The terrain of gamebyro is easy to use and can be easily expanded to meet other functional requirements of the project.

A terrain system consists of the following parts:

1. niterraincomponent: it is the entrance to the entire terrain system. With terrain interactor, you can access all the sub-component of niterraincomponent just like accessing the container.

2. Terrain interactor terrain iterator, through terrain
Interactor can start all data queries, such as simple collision detection, meta-data query, height graph import and file loading. Almost all operations based on the terrain System
All operations are completed through terrain interactor.

3. niterrainsectorcomponent
Contains a quad-tree responsible for organizing terrain data blocks. This object is responsible for loading and performing Ray Intersection queries between objects and terrain from disks, converting terrain ry, and managing internal resources (including shared vertex streams and
Shader ). At the same time, niterrainsectorcomponent is also responsible for the occlusion query of the quad-tree and the generation of visible sets.

4. Data leaves and blocks
The level of splitting is set by niterraincomponent. each node in the tree contains a terrain block. The side length of the block must be an integer power of 2. Level of the root node of the quad-tree
If the value is n and the leaf node is 0, the details are increased from the height to the bottom. If the level is 0, the terrain block contained in the leaf node has the highest details.

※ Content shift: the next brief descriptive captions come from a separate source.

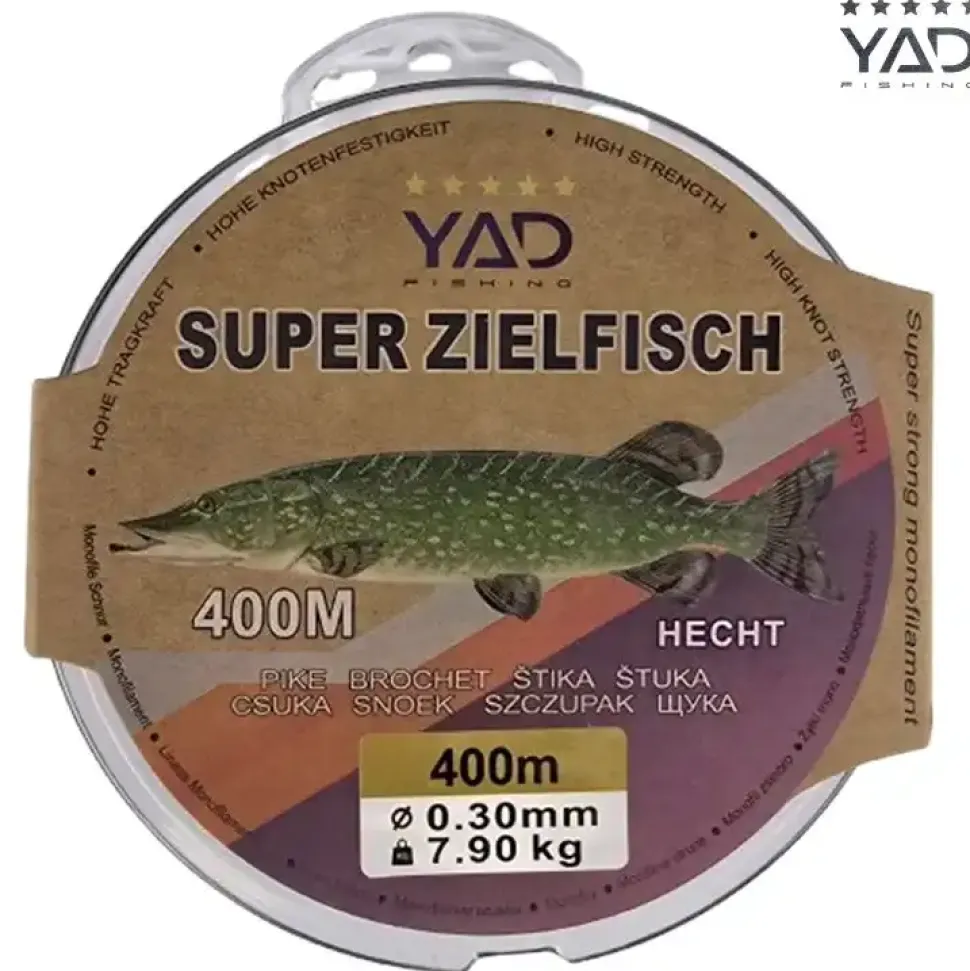 YAD Super Zielfisch Hecht 400m 0,30mm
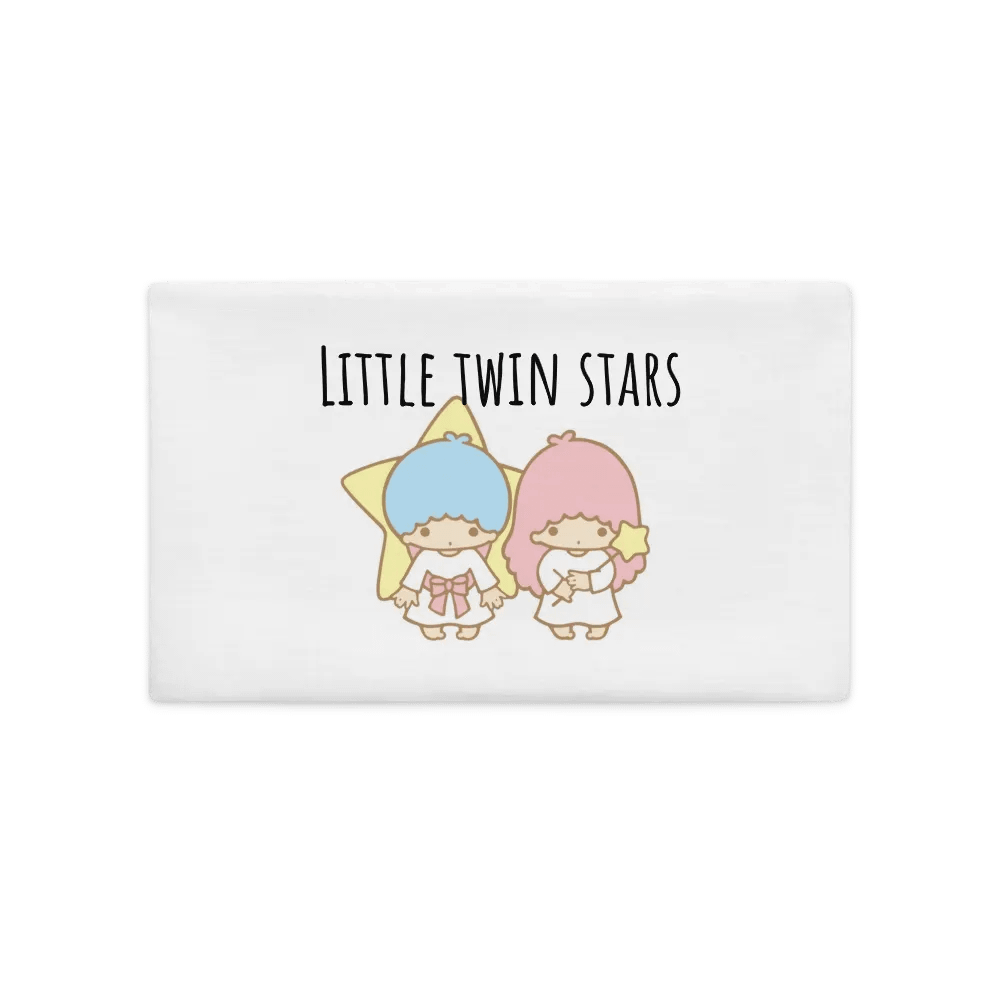 Little twin stars pillow cover product image (1)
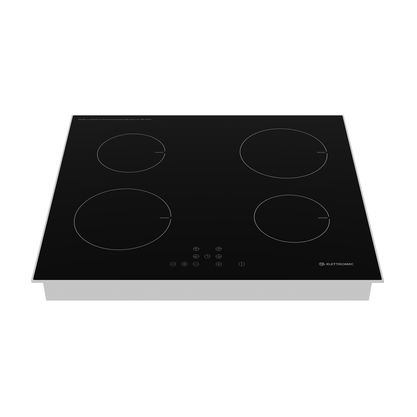 Cooktop Elétrico Indução 4 Queimadores 60cm 220V Elettromec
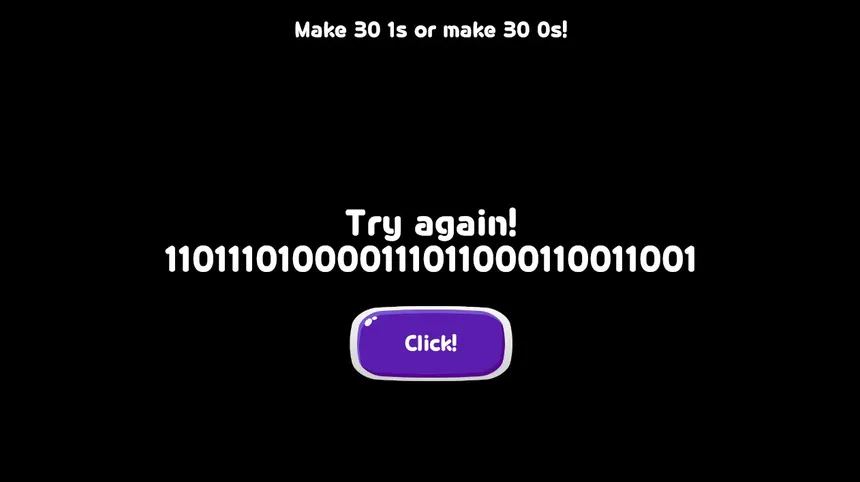 Скриншот 5 к игре Binary Game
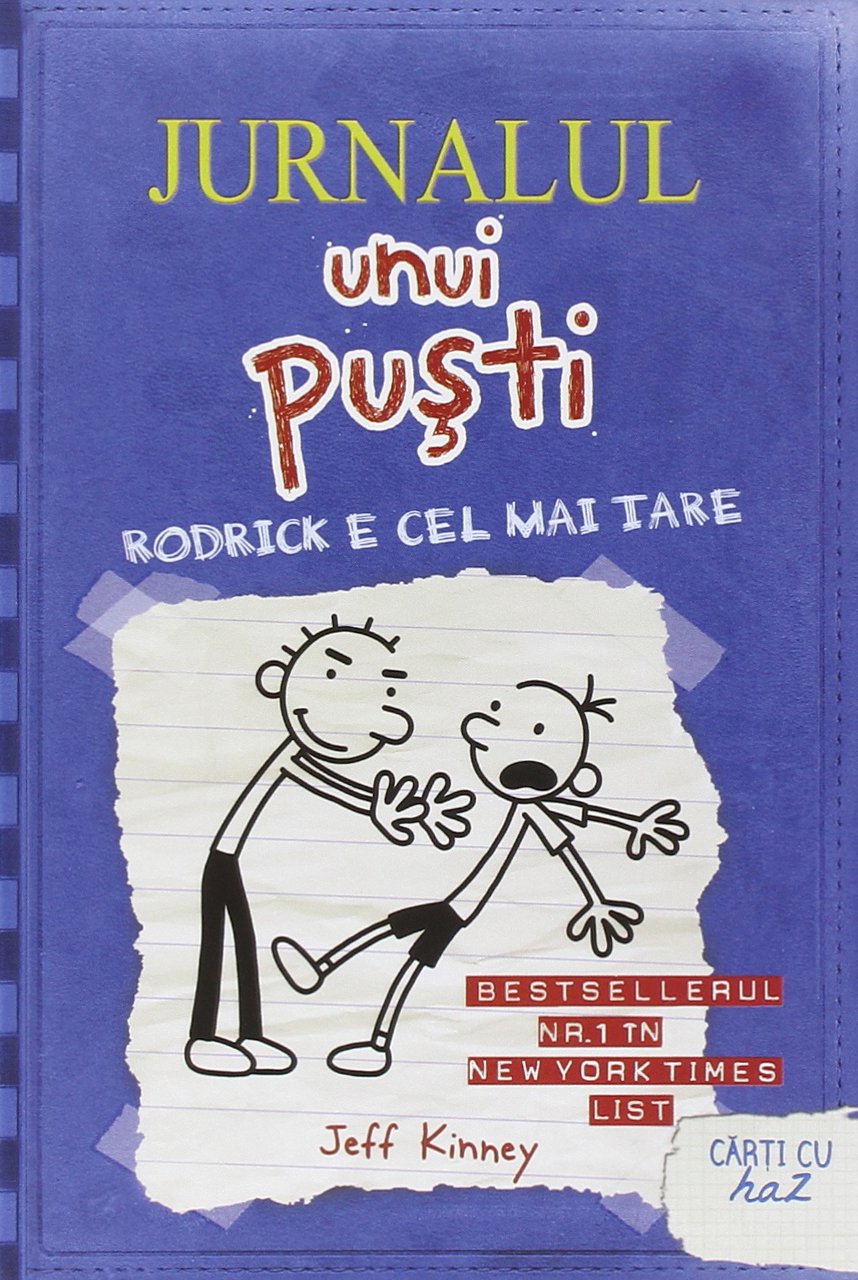 JURNALUL UNUI PUSTI VOL 2 RODRICK E CEL MAI TARE Books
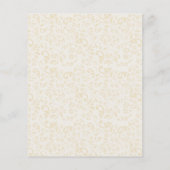 Budget Boho Ivoor Cream Bow Vrijgezellenfeest Uitn (Achterkant)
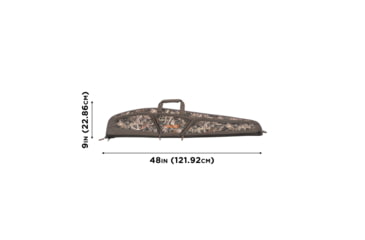Image of ALLEN 68748 BONZ RIFLE CASE 48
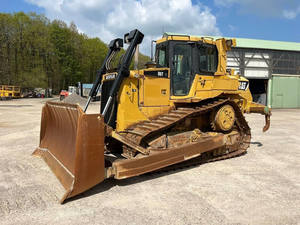 Bulldozer Cat D6d usado excavadoras sobre orugas Caterpillar D6T D9R D9N D8L D8N D6D D6R D7H excavadora sobre orugas para la venta - Product Image 2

5. material layers: the terrain system uses a mask to specify materials for the terrain. Mask data specifies the material corresponding to each part of the surface. A single earth surface supports up to four materials, which are mixed based on their respective weights. The weight data is also obtained through masks.

Materials play a special role in the terrain rendering system. You can specify meta-data for the materials to attach other information (such as the sound of walking in the snow ), you can also add vertices or pixel coloring programs to the surface by texture textures. In addition, each texture can contain the following specified texture textures:

L diffuse/base map reflection textures use 3 or 4 channels to determine the color of reflected light.

L detail map detail texture, which provides the Alpha value for the reflection texture.

L normal map normal texture.

L parallax map, used to save the height offset information of the surface pixel.

Gamebyro also provides simple terrain Ray tracking and surface rendering. The current implementation of topographic ray tracing is very simple. It is to use a Ray to query the surface triangle.
Physics is integrated to support collision detection between objects and the Earth through the physical engine L. Water surface rendering is mainly composed of two texture animations, which express water waves through concave and convex textures. Where the engine is located
To save the height of the surface from the water surface. Two colors are pre-defined: the deep water color and the light water color. If there is no surface below the water surface, the deep water color is used directly. In the pixel shadow
The height chart can be sampled to obtain the depth of the current pixel, and then the difference between the dark color and the light color is obtained based on the depth to obtain the final color of the water. However, this effect is not ideal.
You also need to expand it, for example, adding reflection and refraction.

Material
:

Gamebyro mainly uses the 3dmax plug-in to edit materials and provides standard material nodes.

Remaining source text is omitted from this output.